(Saved data entries)
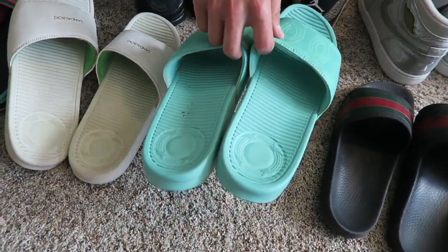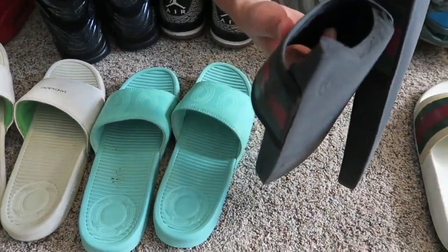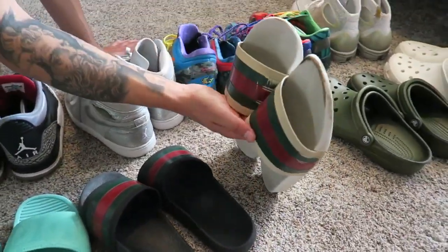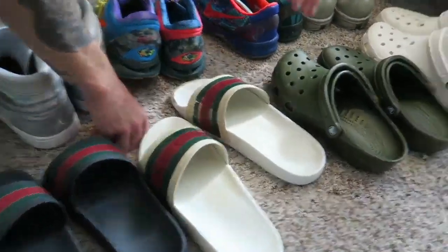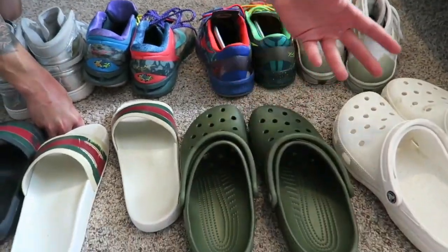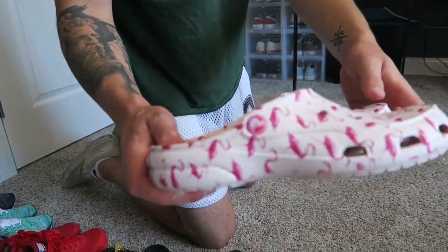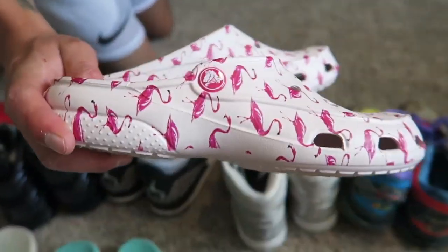Got some great Gucci slides — shout out Gucci for the amazing quality. They've held up over the two years I've had them. Same with another pair, though I beat those up. Got the Crocs — some fire Crocs. Got my girlfriend a pair as well. If you're trying to hook up your lady, take her to the Croc store — got the flamingo edition.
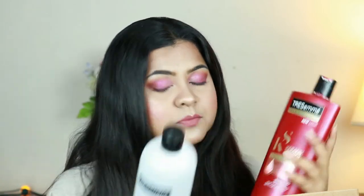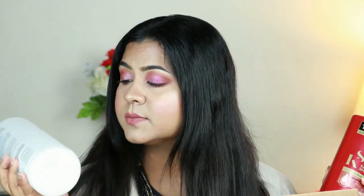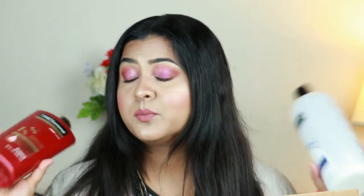First I have these two Tresemmé shampoo and conditioner — the Keratin Smooth Shampoo and Smooth and Silky Conditioner. If you've been following me for a while, you know I love Tresemmé hair care products and most of my hair care products are from Tresemmé. I have already repurchased two from a different range and I've been enjoying those lately, so of course I'm going to repurchase both of them — they are just so good.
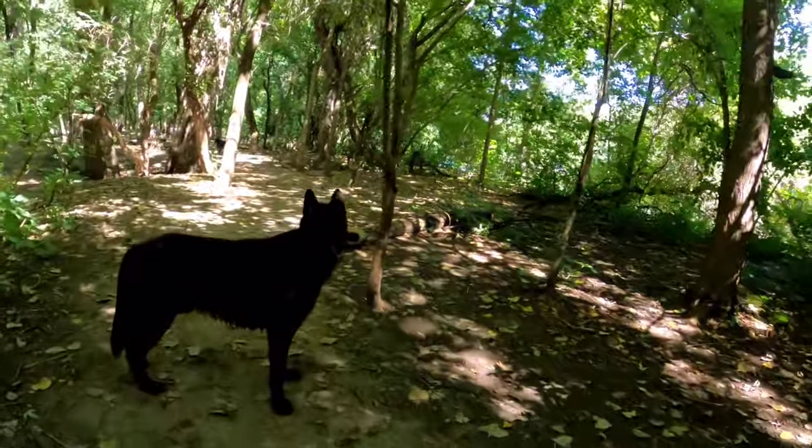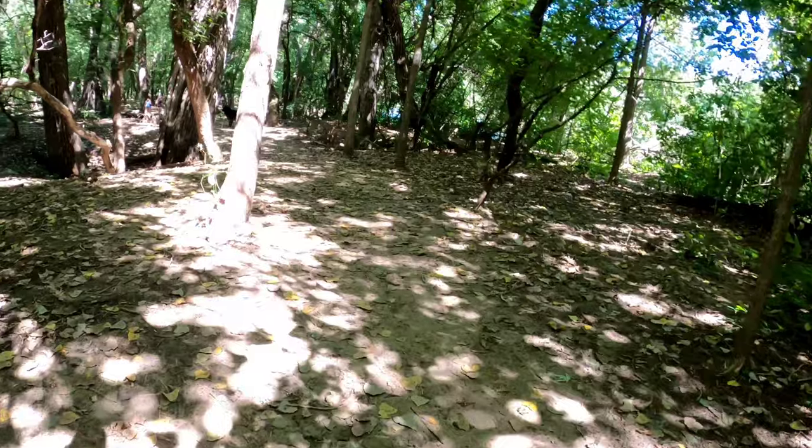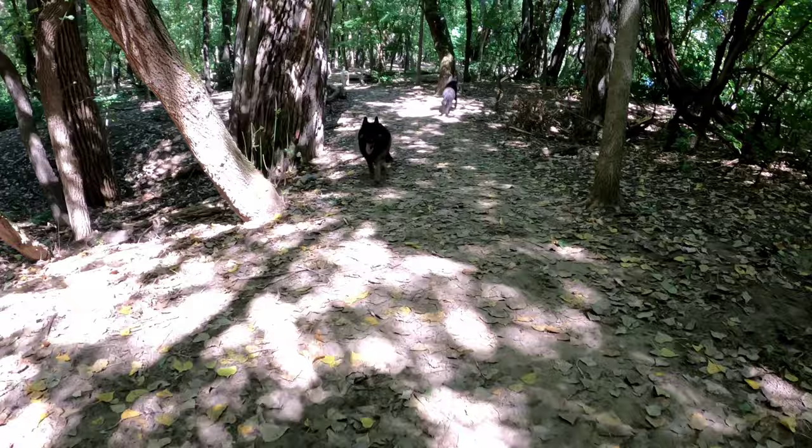That's why we typically don't bring our Yorkies down here, for a couple of reasons. One, there's a lot of eagles and hawks and they're perfect prey size. And then it just takes one bad bite from somebody's unsocialized dog to kill a little dog like that, where these big dogs could just shake it off like it was nothing.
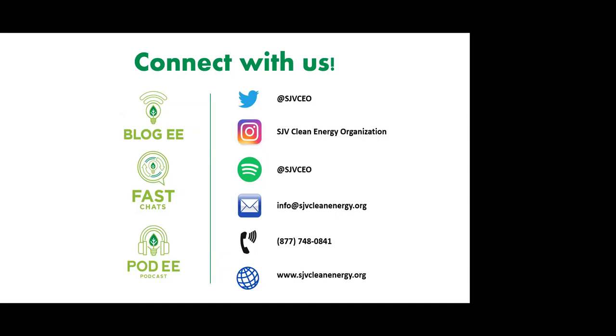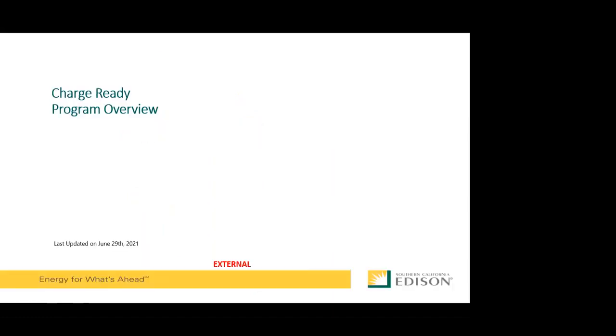Without any further ado, we are going to kick off the second installment of our three-part EV Summer Series with a very special guest. Please welcome to the Funded Fast Chat, Omar Farris, Transportation Electrification Advisor for Southern California Edison. Go ahead and take it away, Omar.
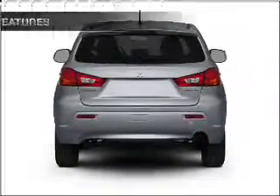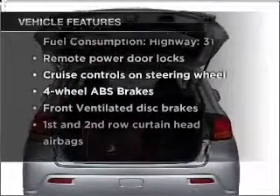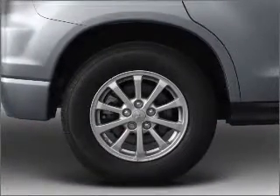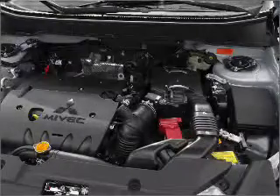Pamper yourself with memory settings. Plus enjoy these notable features that are included in this vehicle: air conditioning, power door locks, power windows, power steering, cruise control, power mirrors, an alarm system, an AM FM stereo with a CD player, and an adjustable tilt steering wheel.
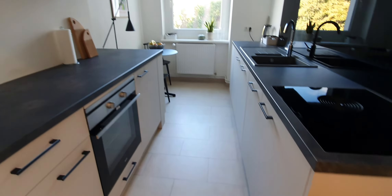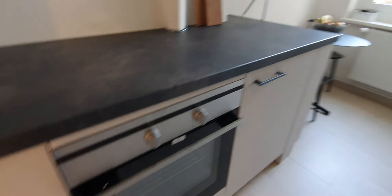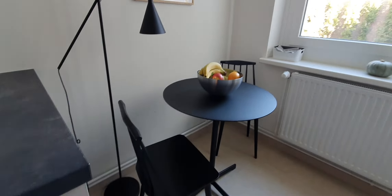Here is the kitchen. The kitchen is fully equipped. Here is the stove, here is the oven, here is the sink, and this is the dishwasher. Here you have glasses, cups, everything. And also the dining table.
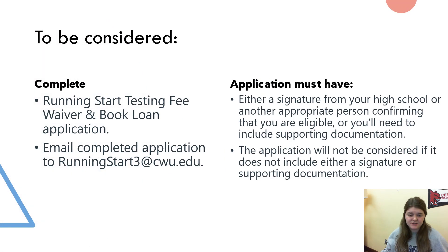In order to be considered, you will need to complete the Running Start Testing Fee Waiver and Book Loan application. Email the completed application to runningstart3 at cwu.edu. Your application must have either a signature from your high school or another appropriate person confirming that you are eligible, or you will need to include supporting documentation. The application will not be considered if it does not include either a signature or supporting documentation.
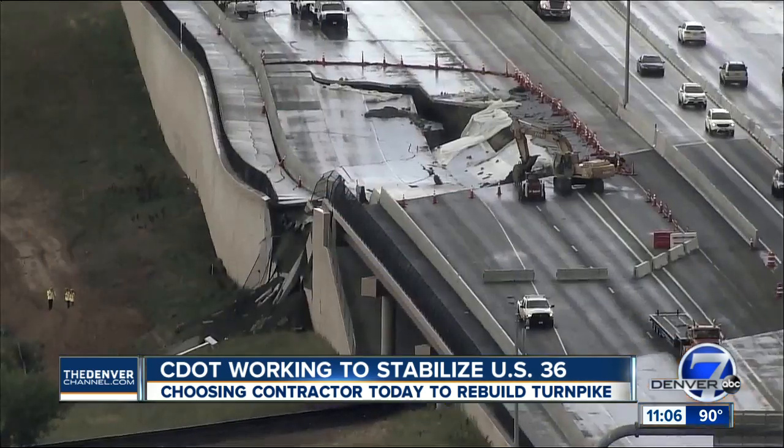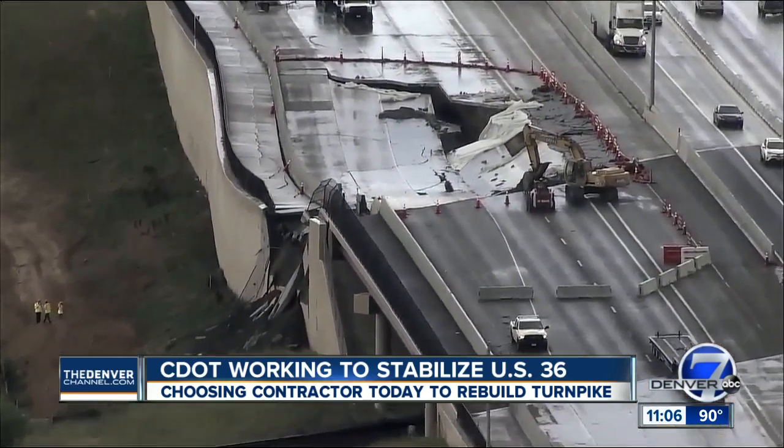After three days of the crumbling section of U.S. 36 affecting the morning commute, drivers appear to be getting used to the new traffic pattern there. Delays are pretty minimal now that CDOT has traffic moving in both directions by converting westbound lanes into two-way traffic, but the long-term solution is still up in the air.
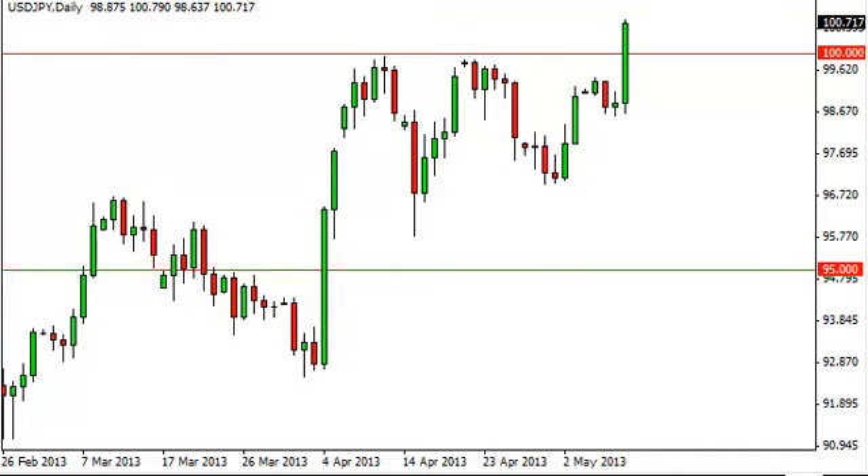Dollar-yen daily forecast, May 10th, FXEmpire.com. The dollar-yen, as you can see, broke out above the 100 level — it seems like it's been messing around with it forever. As a result, it appears that we have broken out of an ascending triangle.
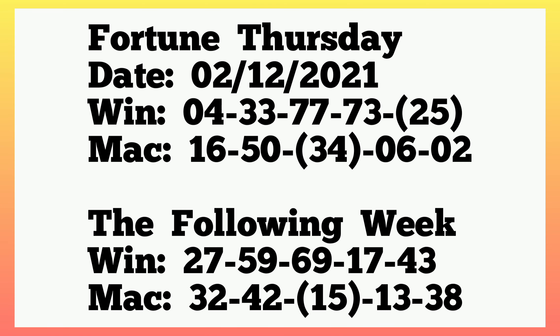Let's move to Fortune Thursday 2nd December 2021. The winning numbers played single 4, 33, 77, 73, 25, and the machine numbers played 16, 50, 34, single 6, single 2. We have 25 at last box winning with 34 at center box machine — same as the previous plan: 25 at last box winning and 34 in machine.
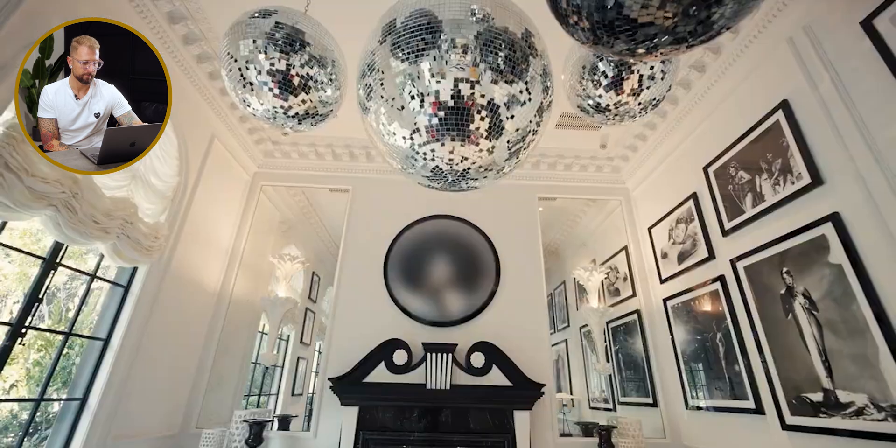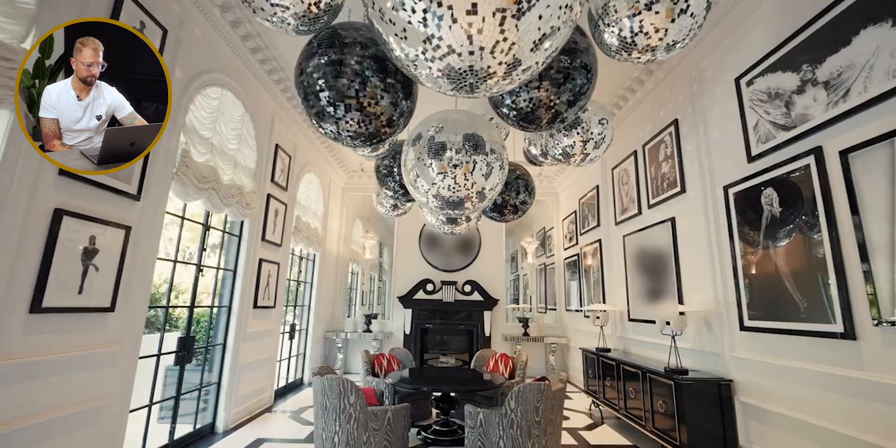Today we're going to take a tour through RuPaul's Beverly Hills home with Architectural Digest. 'This is our disco room — we love music, we love to dance. When I was coming up there was always a place that said cocktails and dancing, and that doesn't happen anymore, so we decided we needed a disco in our house.' We're starting off strong with the disco room. This maximalist look was done so well and appropriately to not overwhelm the space.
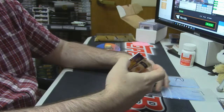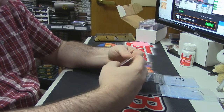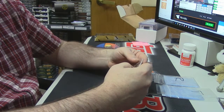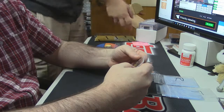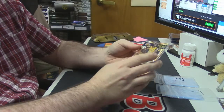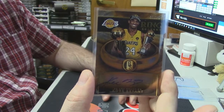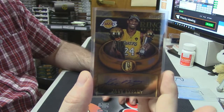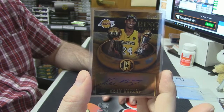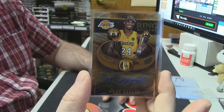And your last hit, and an auto. He is a five-time NBA champion, he is a ring-bearer. This one is number 20 out of 25, on-card auto — Kobe. Who's that? Is he good? Wasn't that that old guy playing with Steph Curry? Yeah, this guy's old, he doesn't play good.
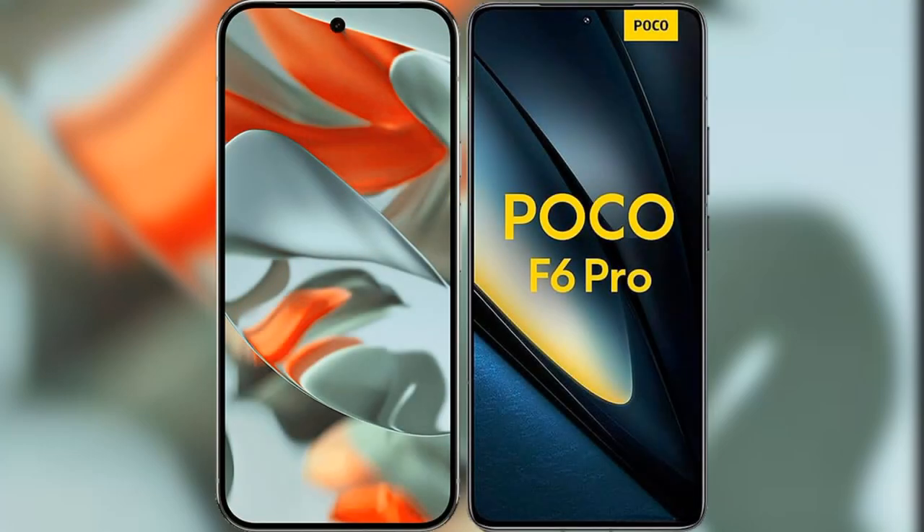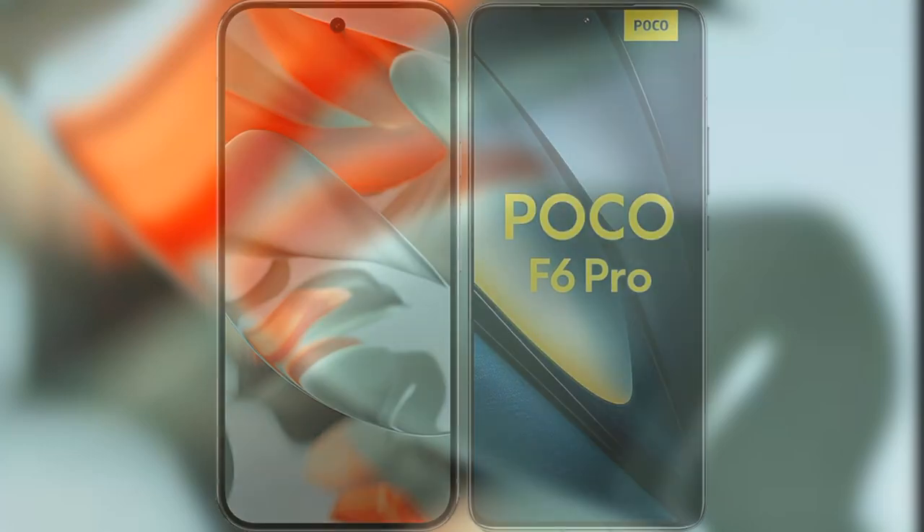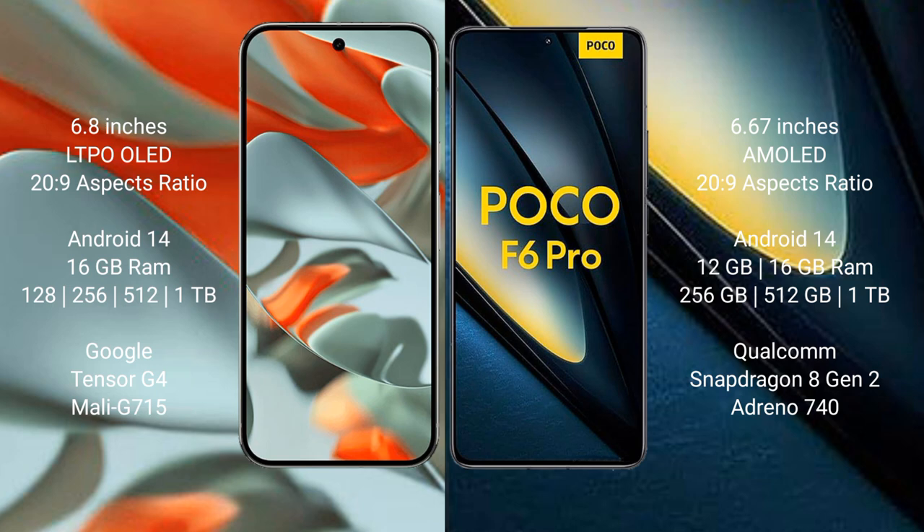I will compare the new Google Pixel 9 Pro XL with Xiaomi Poco F6 Pro. Google Pixel 9 Pro XL features a 6.8-inch LTPO LED display with Gorilla Glass 289. Xiaomi Poco F6 Pro features a 6.67-inch AMOLED display with Gorilla Glass 289.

**Work order**:
Once the pictures are removed, set down what remains of the entries above exactly.

**Answer area**:
Got some great Gucci slides — shout out Gucci for the amazing quality. They've held up over the two years I've had them. Same with another pair, though I beat those up. Got the Crocs — some fire Crocs. Got my girlfriend a pair as well. If you're trying to hook up your lady, take her to the Croc store — got the flamingo edition.
First I have these two Tresemmé shampoo and conditioner — the Keratin Smooth Shampoo and Smooth and Silky Conditioner. If you've been following me for a while, you know I love Tresemmé hair care products and most of my hair care products are from Tresemmé. I have already repurchased two from a different range and I've been enjoying those lately, so of course I'm going to repurchase both of them — they are just so good.
That's why we typically don't bring our Yorkies down here, for a couple of reasons. One, there's a lot of eagles and hawks and they're perfect prey size. And then it just takes one bad bite from somebody's unsocialized dog to kill a little dog like that, where these big dogs could just shake it off like it was nothing.
Without any further ado, we are going to kick off the second installment of our three-part EV Summer Series with a very special guest. Please welcome to the Funded Fast Chat, Omar Farris, Transportation Electrification Advisor for Southern California Edison. Go ahead and take it away, Omar.
Pamper yourself with memory settings. Plus enjoy these notable features that are included in this vehicle: air conditioning, power door locks, power windows, power steering, cruise control, power mirrors, an alarm system, an AM FM stereo with a CD player, and an adjustable tilt steering wheel.
Here is the kitchen. The kitchen is fully equipped. Here is the stove, here is the oven, here is the sink, and this is the dishwasher. Here you have glasses, cups, everything. And also the dining table.
In order to be considered, you will need to complete the Running Start Testing Fee Waiver and Book Loan application. Email the completed application to runningstart3 at cwu.edu. Your application must have either a signature from your high school or another appropriate person confirming that you are eligible, or you will need to include supporting documentation. The application will not be considered if it does not include either a signature or supporting documentation.
After three days of the crumbling section of U.S. 36 affecting the morning commute, drivers appear to be getting used to the new traffic pattern there. Delays are pretty minimal now that CDOT has traffic moving in both directions by converting westbound lanes into two-way traffic, but the long-term solution is still up in the air.
Dollar-yen daily forecast, May 10th, FXEmpire.com. The dollar-yen, as you can see, broke out above the 100 level — it seems like it's been messing around with it forever. As a result, it appears that we have broken out of an ascending triangle.
Let's move to Fortune Thursday 2nd December 2021. The winning numbers played single 4, 33, 77, 73, 25, and the machine numbers played 16, 50, 34, single 6, single 2. We have 25 at last box winning with 34 at center box machine — same as the previous plan: 25 at last box winning and 34 in machine.
Today we're going to take a tour through RuPaul's Beverly Hills home with Architectural Digest. 'This is our disco room — we love music, we love to dance. When I was coming up there was always a place that said cocktails and dancing, and that doesn't happen anymore, so we decided we needed a disco in our house.' We're starting off strong with the disco room. This maximalist look was done so well and appropriately to not overwhelm the space.
And your last hit, and an auto. He is a five-time NBA champion, he is a ring-bearer. This one is number 20 out of 25, on-card auto — Kobe. Who's that? Is he good? Wasn't that that old guy playing with Steph Curry? Yeah, this guy's old, he doesn't play good.
I will compare the new Google Pixel 9 Pro XL with Xiaomi Poco F6 Pro. Google Pixel 9 Pro XL features a 6.8-inch LTPO LED display with Gorilla Glass 289. Xiaomi Poco F6 Pro features a 6.67-inch AMOLED display with Gorilla Glass 289.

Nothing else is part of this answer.